Apologies for such a weird segmented post.

Ever since reading NI's post (specifically the emphasized texts above) I've been thinking about them and wanted to see what you guys and gals think.

1) I'd never heard of 5th Brother Pole. Any video footage of it? I want to understand how it could be / is the "mother" to 6.5 pole.

2) What are your thoughts on a "spin"? Do any of your WC forms contain a spin? (empty hand, jongs, weapons?)

3) Why does a spin violate WC theory?

4) Finally, does your WC/VT/WT family place a lot of strict emphasis on the order or sequence of your forms? (I.E. do you feel you could perform various pole or knife form actions/sets/sections out of order and have no effect?)

Thanks all!


----------



## yak sao (Feb 3, 2017)

I've heard of the 5 brothers form. I think it is from Hung Gar, though I have never seen it .
 As for the way I was taught Long pole, it seems to be very much a "boat" form, in that we are keeping the opponent in front of us and not doing a tremendous amount of footwork.
 Though I don't know much about the knife form as of yet , there is no flip or spin in our version of it . It was explained to me that if it's serious enough to fight someone with a knife you better keep that blade out in front of you.

 As for the forms, we are actually encouraged to break the forms down , do them out of sequence , etc. so that we are not mindlessly practicing a set routine but rather isolating principles and learning how to free flow between them . Of course this comes after you have become quite competent competent with the form as is .


----------



## wingchun100 (Feb 3, 2017)

wckf92 said:


> This is a portion of a response by @Nobody Important on another thread that I've been pondering....
> 
> 
> 
> ...


 
1) Never heard of 5th brother pole.

2) None of the Wing Chun forms I have learned or seen contain a spin.
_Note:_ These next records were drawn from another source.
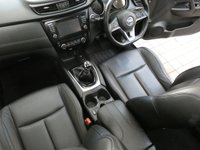 USED 2018 68 NISSAN X-TRAIL 1.6 DCI TEKNA 5d 130 BHP 7 SEAT SAT NAV LEATHER SUNROOF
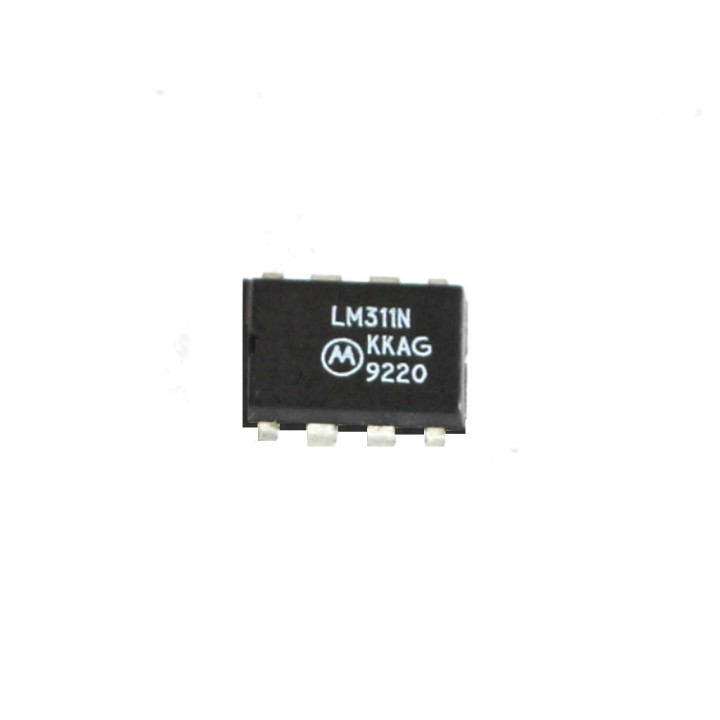 Optoaccoppiatore 8 PIN LM311N-KKAG-9220 - Nero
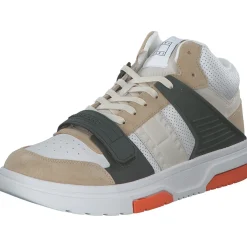 Tommy Hilfiger EM0EM01415AB9 THE BROOKLYN URBAN MID, Stiefel, Herren, Gentle Gold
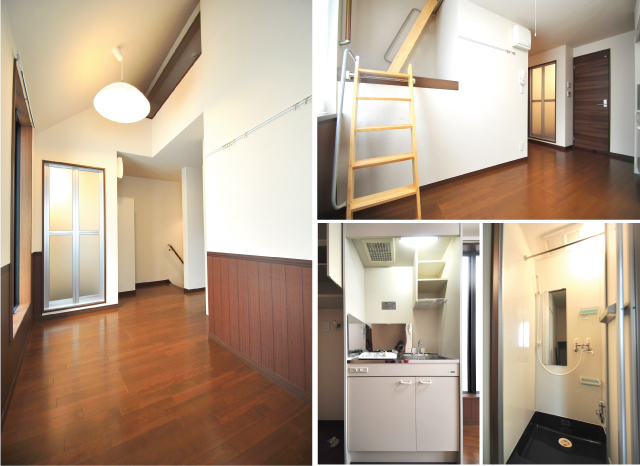 目黒駅の賃貸 69,000円 写真2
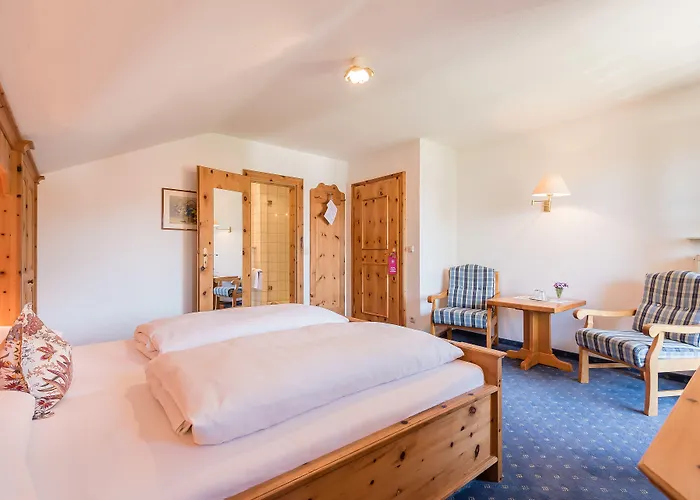 Garni Gaestehaus Brand Отель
3) It depends on what you mean. Do you mean a spin as in a spinning back kick, meaning you are not turning to face a new opponent but turning your back to a current one? I think that would violate simply because you are turning your back to the enemy.
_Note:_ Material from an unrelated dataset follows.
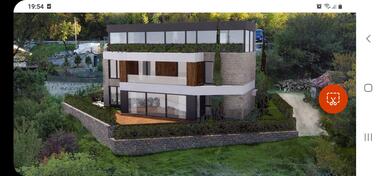 Građevinsko zemljište 1300m2 - Kotor - Škaljari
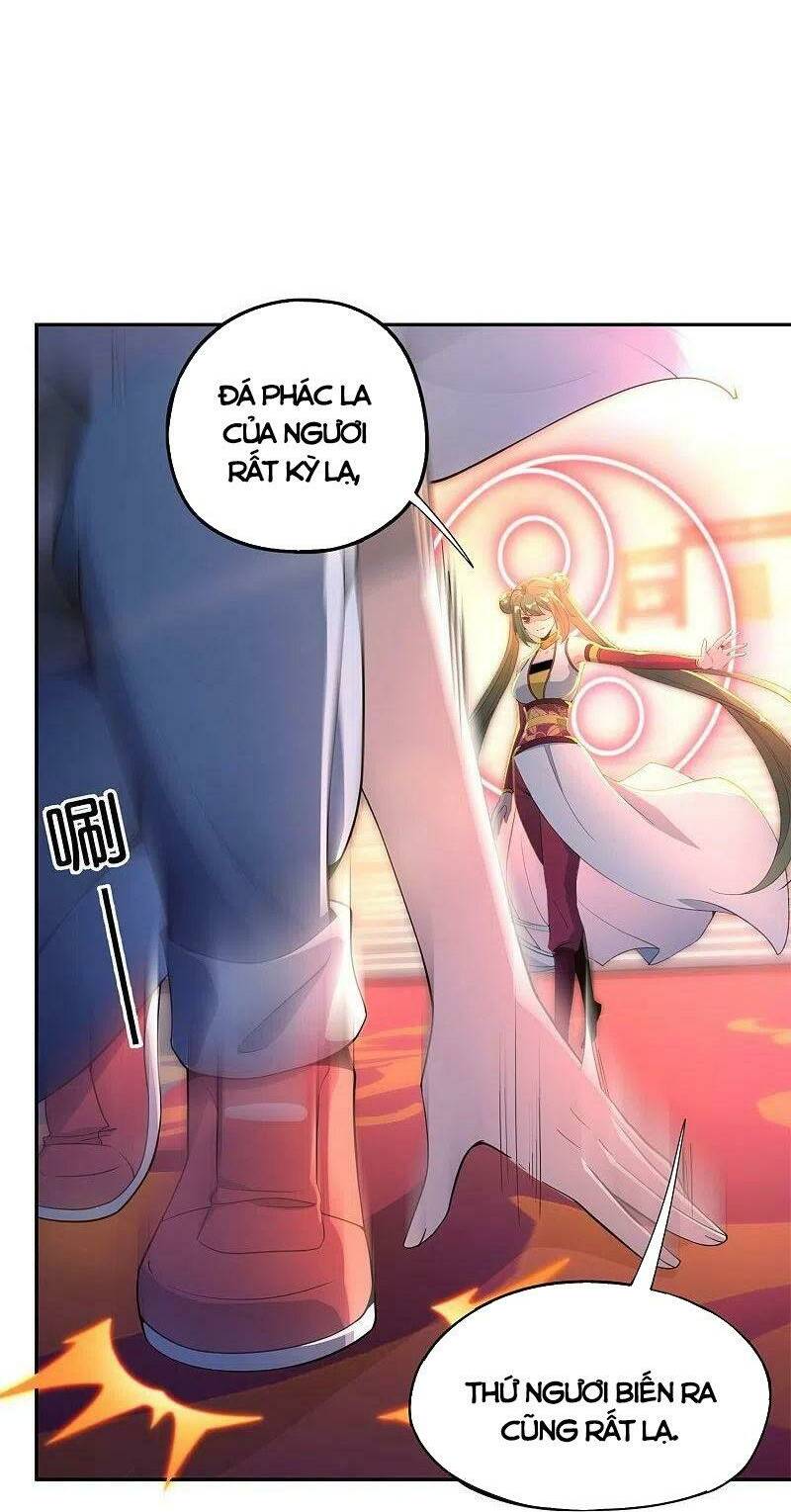 Vòng Bạn Bè Mạnh Nhất Của Tiên Giới - Chapter 183 - Page 15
4) From what I have seen, Sifus will place an emphasis on the order when you are first learning it. After a while, when you have the principles down, you have more freedom.


----------



## wckf92 (Feb 3, 2017)

yak sao said:


> I've heard of the 5 brothers form. I think it is from Hung Gar, though I have never seen it .
> As for the way I was taught Long pole, it seems to be very much a "boat" form, in that we are keeping the opponent in front of us and not doing a tremendous amount of footwork.
> Though I don't know much about the knife form as of yet , there is no flip or spin in our version of it . It was explained to me that if it's serious enough to fight someone with a knife you better keep that blade out in front of you.
> 
> As for the forms, we are actually encouraged to break the forms down , do them out of sequence , etc. so that we are not mindlessly practicing a set routine but rather isolating principles and learning how to free flow between them . Of course this comes after you have become quite competent competent with the form as is .
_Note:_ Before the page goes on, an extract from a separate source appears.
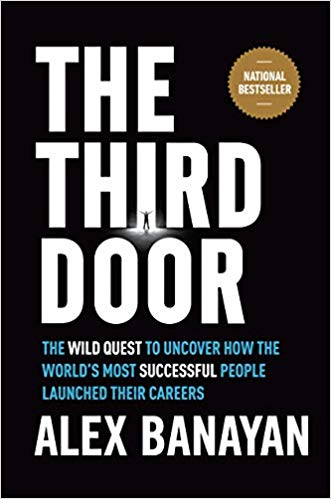 Alex Banayan - The Third Door Audio Book Free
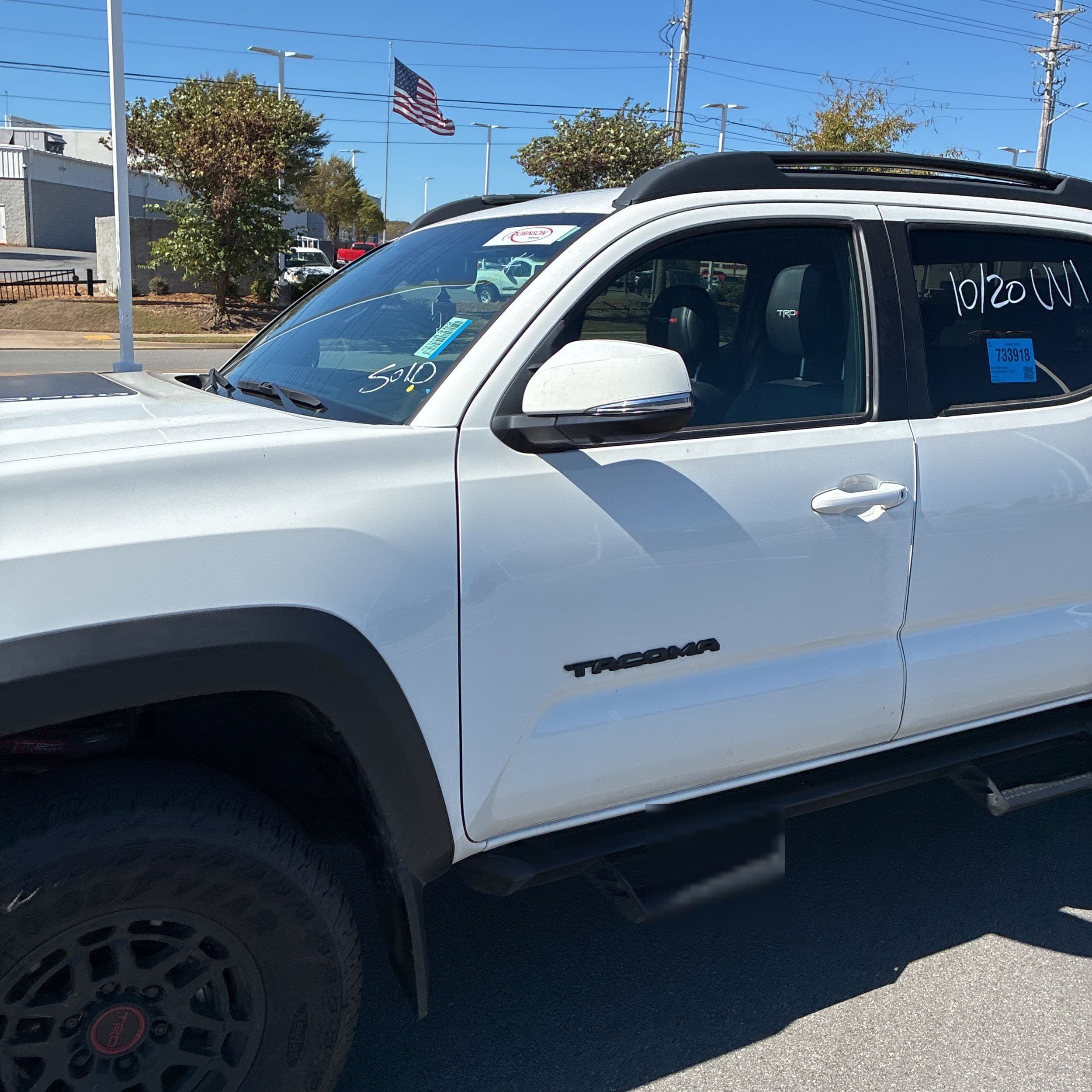 2023 Toyota Tacoma TRD Pro photo 1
H Yak. I should probably clarify...when I said 'spin' ... I meant as in your entire body does some sort of 360 spin ...
But, thanks for the feedback.!


----------



## wckf92 (Feb 3, 2017)

clarification:

by "spin" I meant the body doing a 360.
But, I suppose we could also discuss whether or not your pole form contains a pole spin, big circle or small circle, etc.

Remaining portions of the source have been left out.